▶ **WORK ITEM**
All lines from the one that has "Size(return) Linda 2" onward to the end of the records below are to be returned exactly; pictures are to be skipped.

Scraped caption text data:
=-=-=
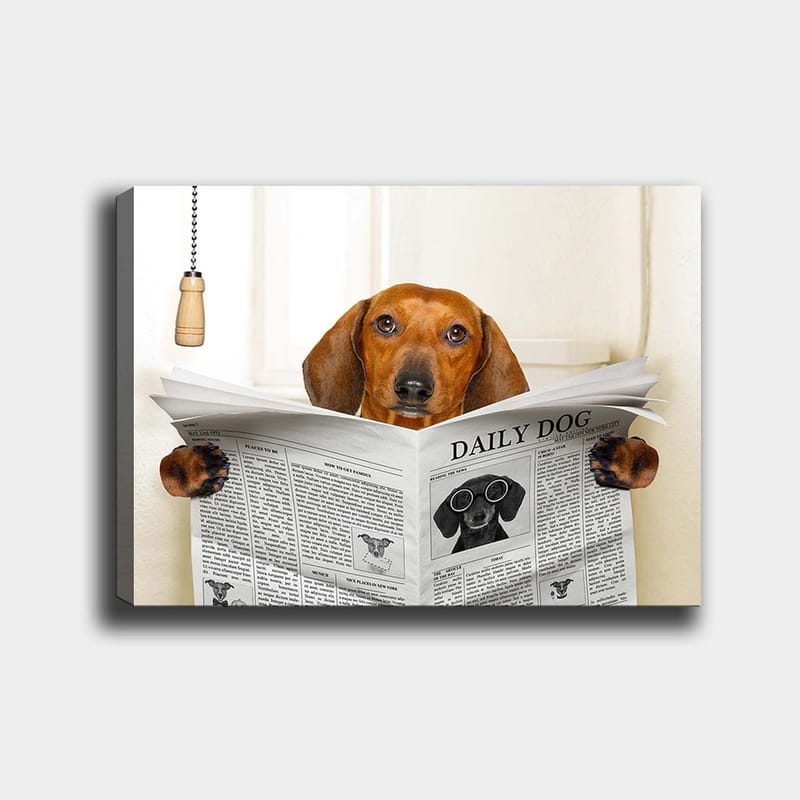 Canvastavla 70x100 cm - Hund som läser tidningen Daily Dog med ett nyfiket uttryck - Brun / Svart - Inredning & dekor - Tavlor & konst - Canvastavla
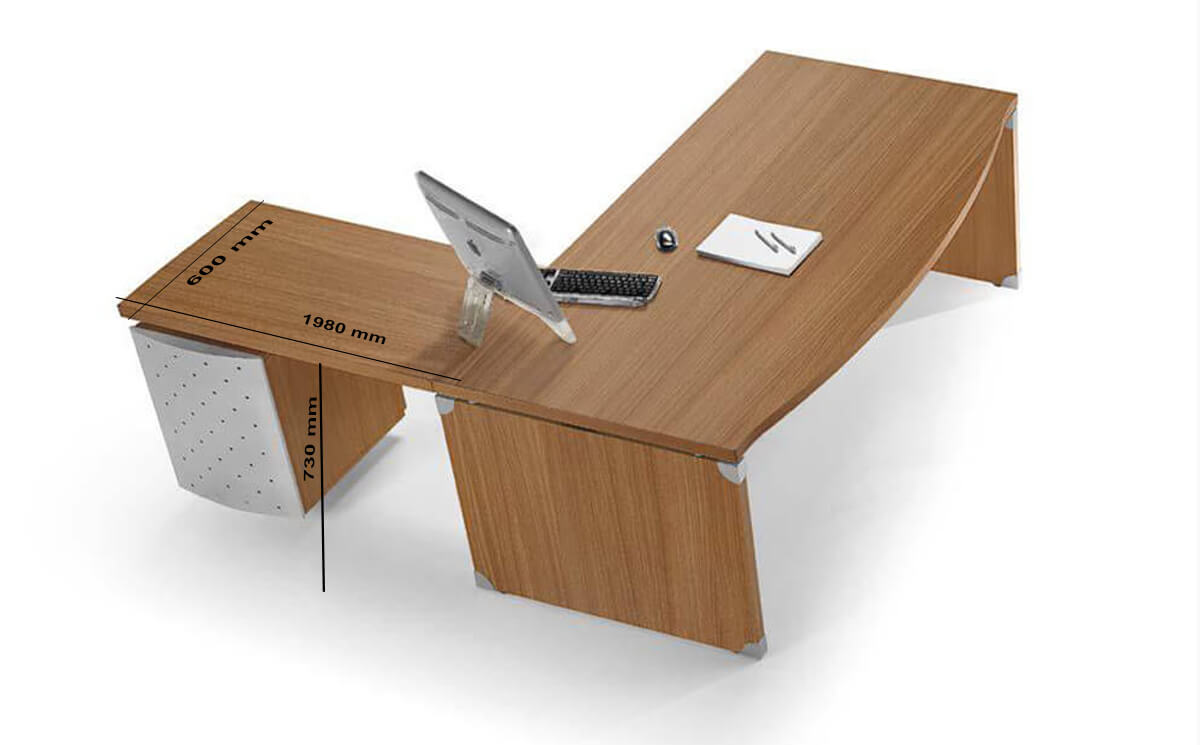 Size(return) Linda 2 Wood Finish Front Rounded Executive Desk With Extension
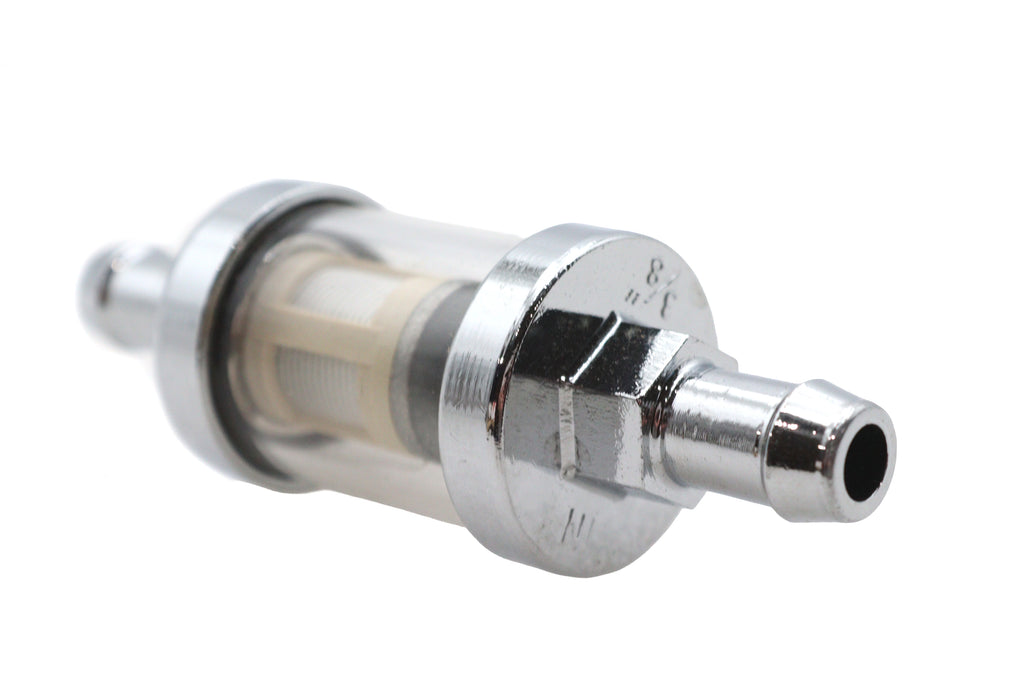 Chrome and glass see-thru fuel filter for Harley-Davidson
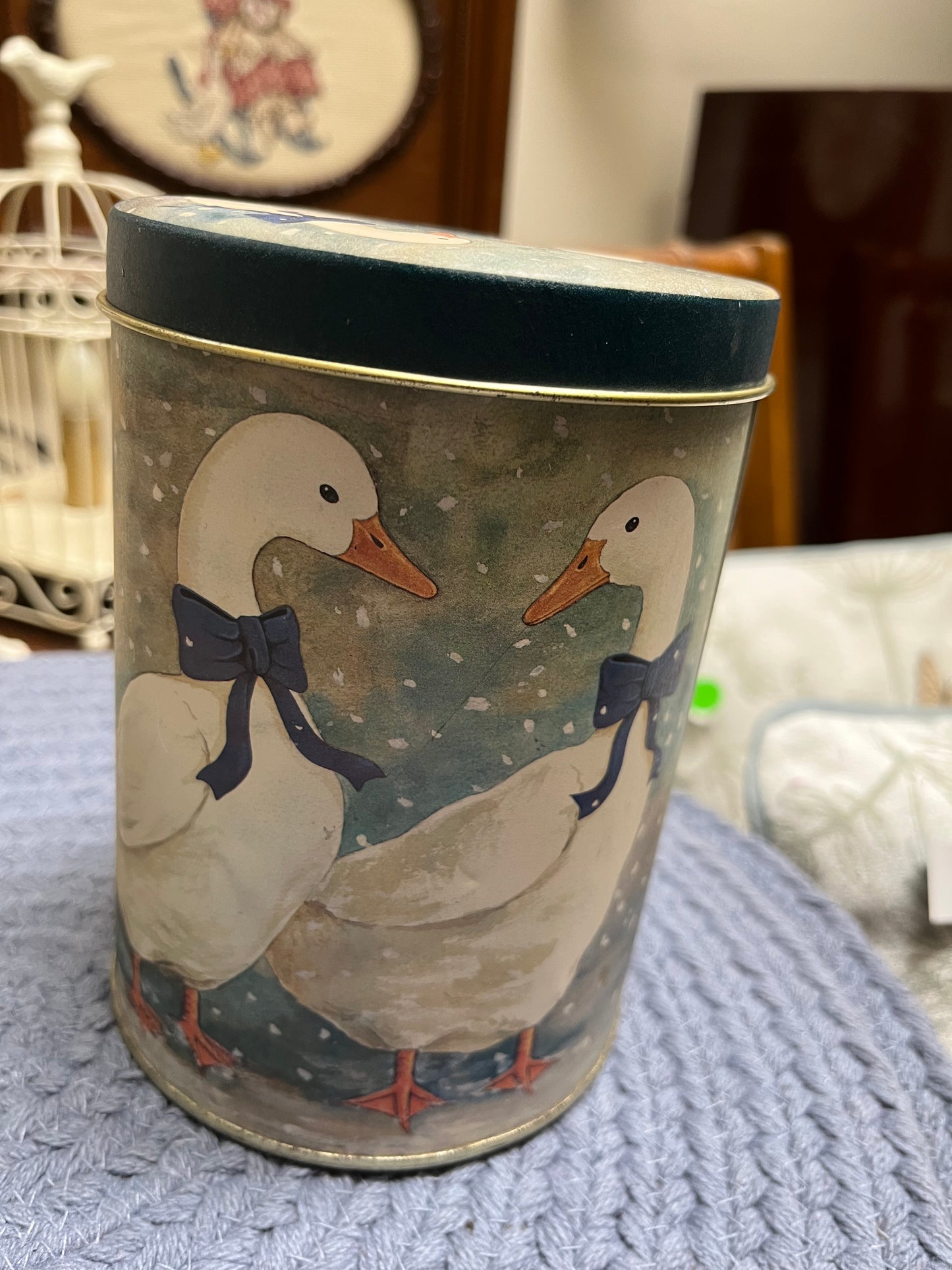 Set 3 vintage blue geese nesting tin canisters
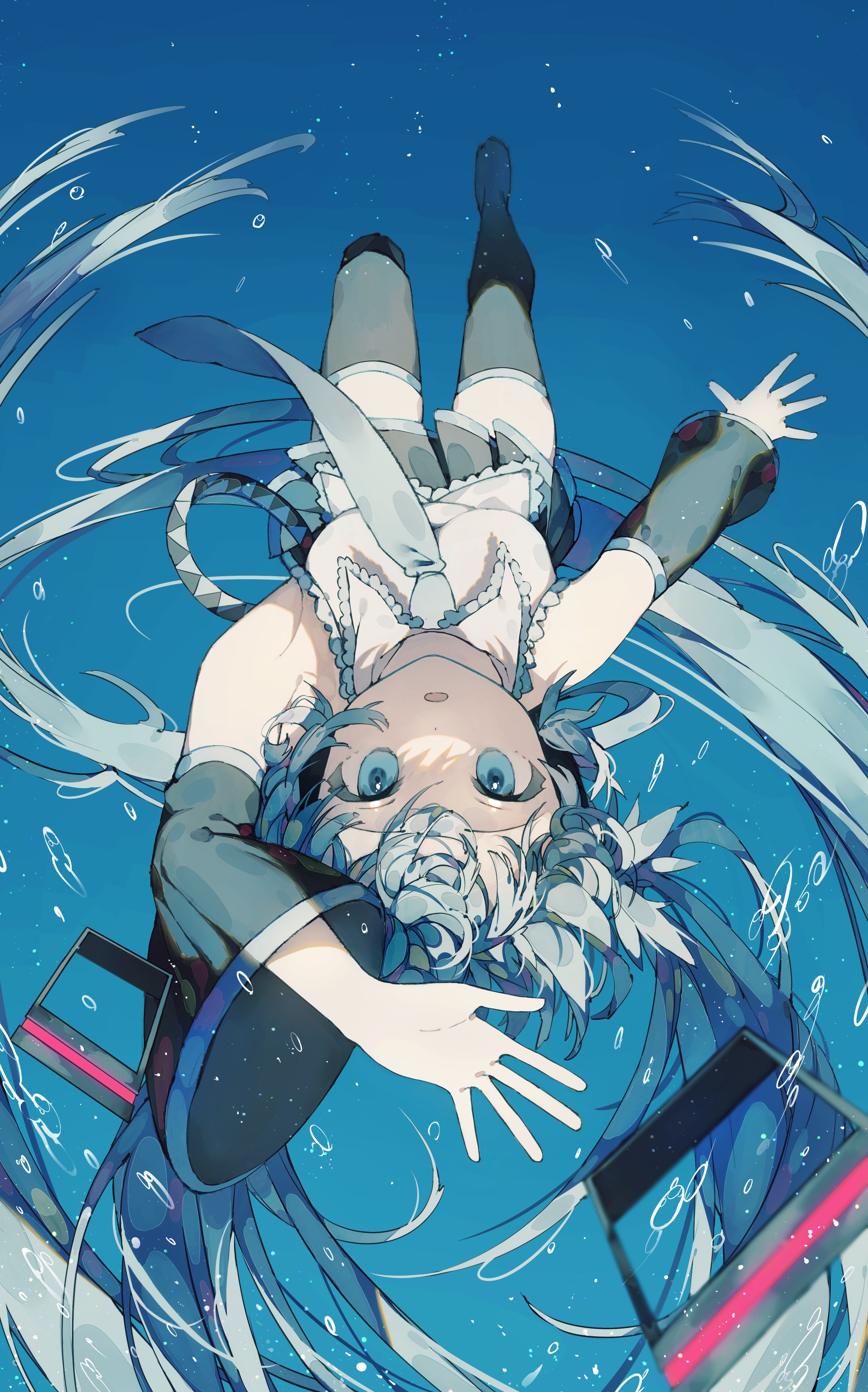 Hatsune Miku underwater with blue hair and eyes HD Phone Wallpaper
=-=-=
▶ **WRITTEN ANSWER**
 Size(return) Linda 2 Wood Finish Front Rounded Executive Desk With Extension
 Chrome and glass see-thru fuel filter for Harley-Davidson
 Set 3 vintage blue geese nesting tin canisters
 Hatsune Miku underwater with blue hair and eyes HD Phone Wallpaper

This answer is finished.